*** Opening of Provided data ***

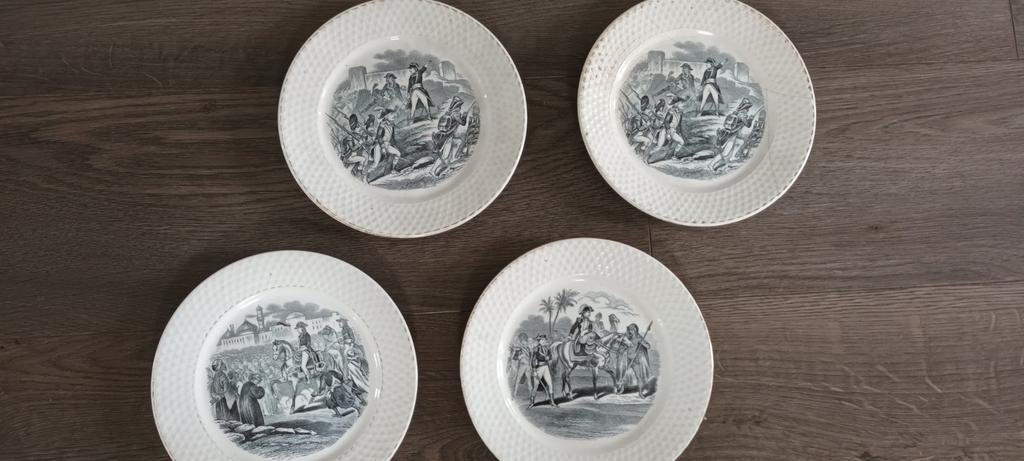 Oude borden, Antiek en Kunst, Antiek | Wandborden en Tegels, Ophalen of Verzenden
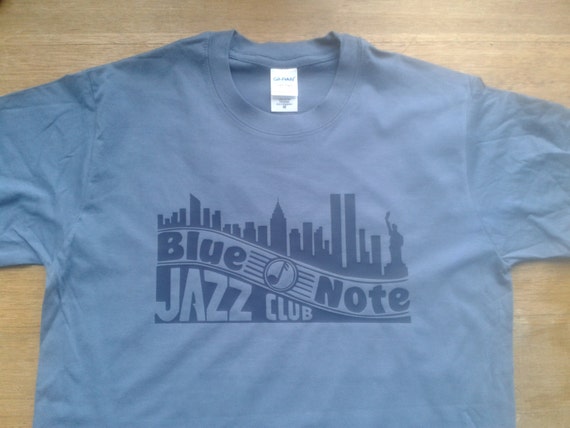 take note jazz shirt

*** Close of Provided data ***
*** Opening of Provided data ***

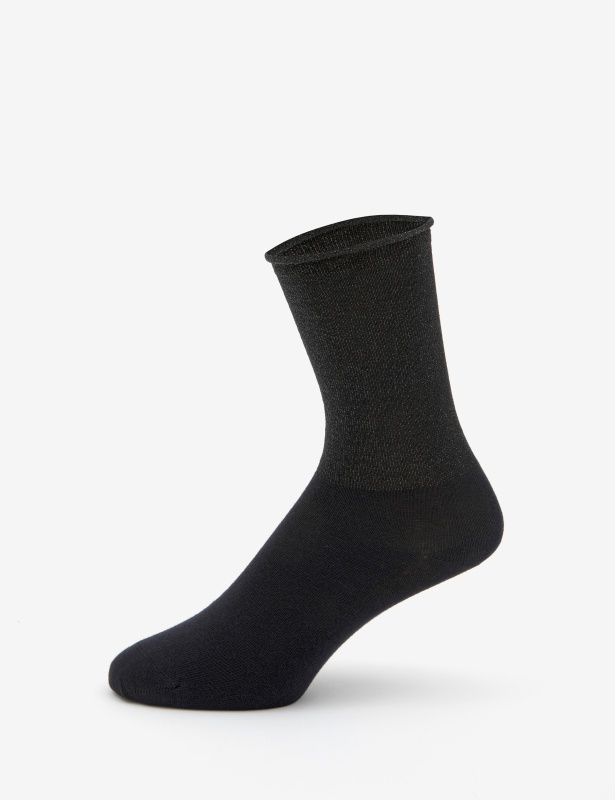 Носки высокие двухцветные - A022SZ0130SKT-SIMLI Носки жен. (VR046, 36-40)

*** Close of Provided data ***

> _Assignment_: Above are records; write out the lines from the one with "Oude borden, Antiek" down to the one with "take note jazz shirt", exactly, leaving the pictures out.

> _Final answer_:
 Oude borden, Antiek en Kunst, Antiek | Wandborden en Tegels, Ophalen of Verzenden
 take note jazz shirt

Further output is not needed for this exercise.